Family

Old Friends, Cancer, and Child Pornography

Apps, Social Media, and ChildrenThis week has been pretty rough. I received two pieces of terrible news. Both involved old friends, both caught me by surprise, and both continue to defy my attempts to work through and find some semblance of balance. In other words, I’m still struggling to get my head around both of them.

I’m not going to get into the first topic much, other than to say that the sister of one of those friends is out of remission, losing her battle to cancer, and is now in hospice. It’s heartbreaking – for her, for my friend, and for her family. She’s 50, she’s dying, and there’s absolutely nothing I can do other than be there for my friend. It sucks.

On the heels of that phone call I saw a FB post spreading the news that another old high school buddy is a pedophile. So there’s that.

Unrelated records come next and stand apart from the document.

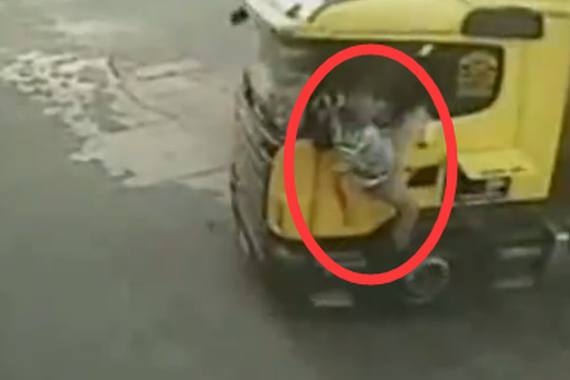 视频：不系安全带！货车司机摔出车外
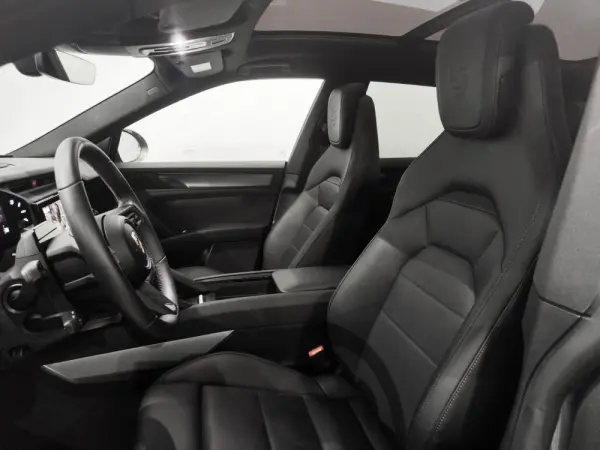 Porsche Cayenne Electric 13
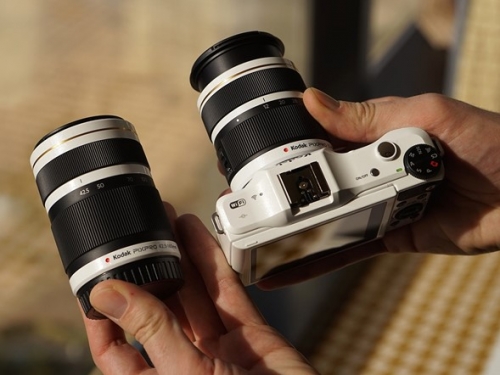 JK Imaging представиха Микро 4/3 фотоапарат и три обектива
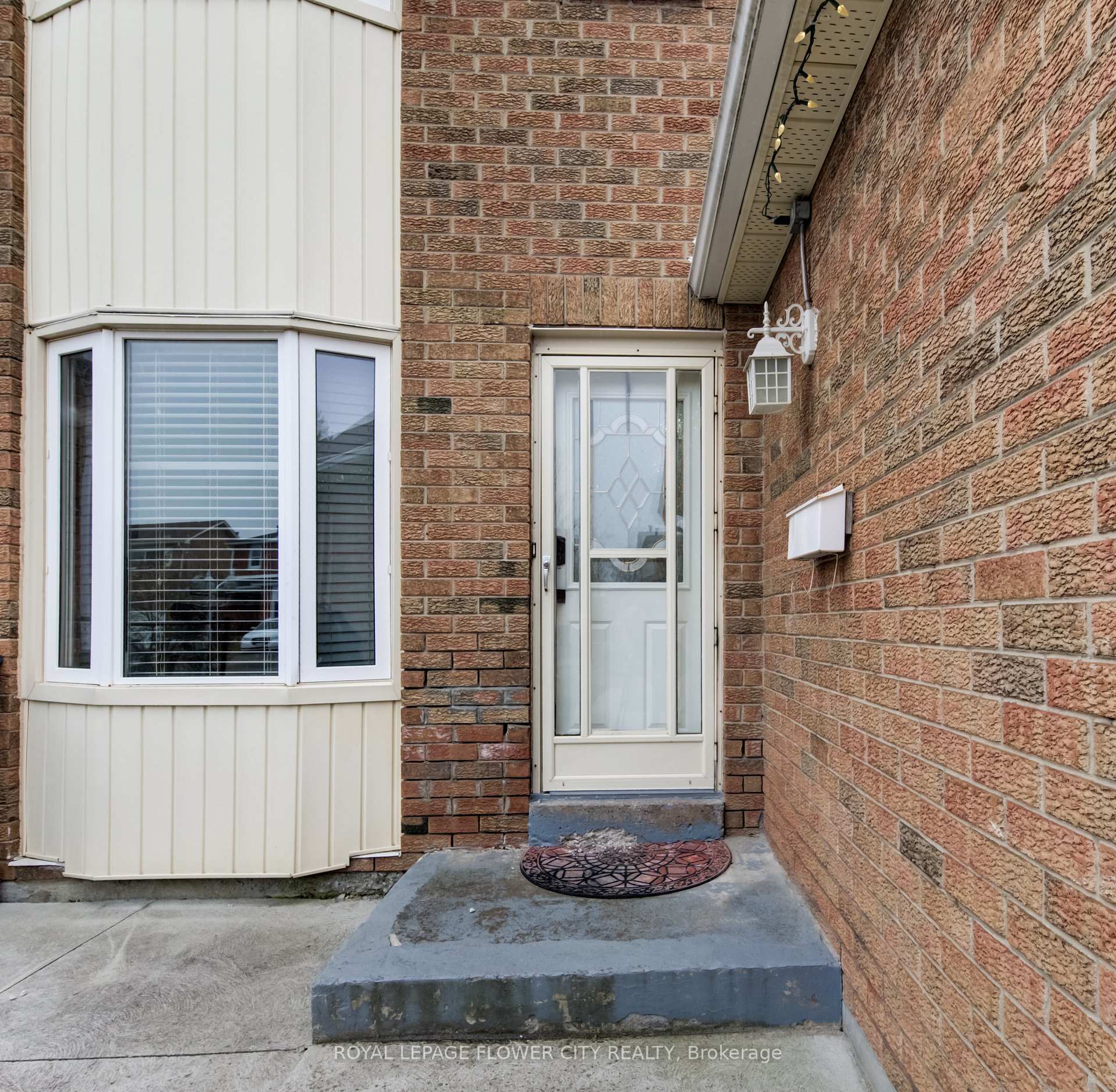 Photo 4 of 23 Driftwood Crescent, Brampton, Heart Lake East — HOMEH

August A. was arrested for, and admitted to having and sharing, child pornography. You can find more information about the case and arrest here, but the short version is this: a Special Agent at the Department of Homeland Security was working an investigation of kik users (an online app I’ve not heard of until now), and after connecting and interacting with August, reached out to the Pearland Police Department’s Internet Crimes Against Children (ICAC) Unit. A warrant was issued, his house was searched, and after admitting to, “…engaging in discussions about sexually abusing children, and also to downloading and sharing child pornography with other users”, was arrested. August is now in jail awaiting trial.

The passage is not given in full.